Note that this version cannot be guaranteed to run correctly in parallel by simply changing the loop execution policies as we have done in other examples. We would like to use RAJA to enable parallel execution and without changing the way the kernel looks in source code. By applying a RAJA index set and suitably-defined list segments, we can accomplish this.

RAJA Parallel Variants

To enable the kernel to run safely in parallel, by eliminating the race conditions, we partition the element iteration space into four subsets (or colors) indicated by the numbers in the figure below, which represents a portion of our logically-Cartesian 2D mesh.

2 3 2 3
0 1 0 1
2 3 2 3
0 1 0 1

Note that none of the elements with the same number share a common vertex. Thus, we can iterate over all elements with the same number (i.e., color) in parallel.

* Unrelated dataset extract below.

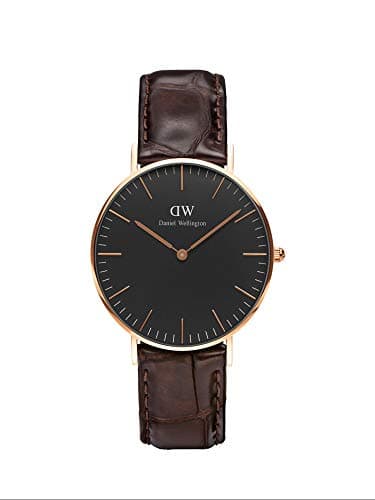 Daniel Wellington Women Classic Black York, Rose Gold 36 mm - DW00100140 Watch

First, we define four vectors to gather the mesh element indices for each color:

  std::vector<int> idx0;
  std::vector<int> idx1;
  std::vector<int> idx2;
  std::vector<int> idx3;

  for (int j = 0 ; j < N_elem ; ++j) {
    for (int i = 0 ; i < N_elem ; ++i) {
      int ie = i + j*jeoff ;
      if ( i % 2 == 0 ) {
        if ( j % 2 == 0 ) {
          idx0.push_back(ie);
        } else {
          idx2.push_back(ie);  
        }
      } else {
        if ( j % 2 == 0 ) {
          idx1.push_back(ie);
        } else {
          idx3.push_back(ie);
        }
      }
    }
  }

Then, we create a RAJA index set with four list segments, one for each color, using the vectors:

  using SegmentType = RAJA::TypedListSegment<int>;

  RAJA::TypedIndexSet<SegmentType> colorset;

  camp::resources::Resource host_res{camp::resources::Host()};

  colorset.push_back( SegmentType(&idx0[0], idx0.size(), host_res) ); 
  colorset.push_back( SegmentType(&idx1[0], idx1.size(), host_res) ); 
  colorset.push_back( SegmentType(&idx2[0], idx2.size(), host_res) ); 
  colorset.push_back( SegmentType(&idx3[0], idx3.size(), host_res) ); 

Now, we can use an index set execution policy that iterates over the segments sequentially and executes each segment in parallel using OpenMP multithreading (and RAJA::forall):

  using EXEC_POL2 = RAJA::ExecPolicy<RAJA::seq_segit, 
                                     RAJA::seq_exec>;

  RAJA::forall<EXEC_POL2>(colorset, [=](int ie) {
    int* iv = &(elem2vert_map[4*ie]);
    vertexvol[ iv[0] ] += elemvol[ie] / 4.0 ;
    vertexvol[ iv[1] ] += elemvol[ie] / 4.0 ;
    vertexvol[ iv[2] ] += elemvol[ie] / 4.0 ;
    vertexvol[ iv[3] ] += elemvol[ie] / 4.0 ;
  });

Note that we no longer need to use the offset variable to compute the element index in terms of ‘i’ and ‘j’ since the loop is no longer nested and the element indices are directly encoded in the list segments.

For completeness, here is the RAJA variant where we iterate over the segments sequentially, and execute each segment in parallel via a CUDA kernel launch on a GPU:

  using EXEC_POL4 = RAJA::ExecPolicy<RAJA::seq_segit, 
                                     RAJA::cuda_exec<CUDA_BLOCK_SIZE>>;

  RAJA::forall<EXEC_POL4>(colorset_cuda, [=] RAJA_DEVICE (int ie) {
    int* iv = &(elem2vert_map[4*ie]);
    vertexvol[ iv[0] ] += elemvol[ie] / 4.0 ;
    vertexvol[ iv[1] ] += elemvol[ie] / 4.0 ;
    vertexvol[ iv[2] ] += elemvol[ie] / 4.0 ;
    vertexvol[ iv[3] ] += elemvol[ie] / 4.0 ;
  });

Here, we have marked the lambda loop body with the ‘RAJA_DEVICE’ macro and specified the number of threads in a CUDA thread block in the segment execution policy.

The RAJA HIP variant is similar.

The file RAJA/examples/tut_vertexsum-coloring.cpp contains a complete working example code, including a RAJA HIP variant.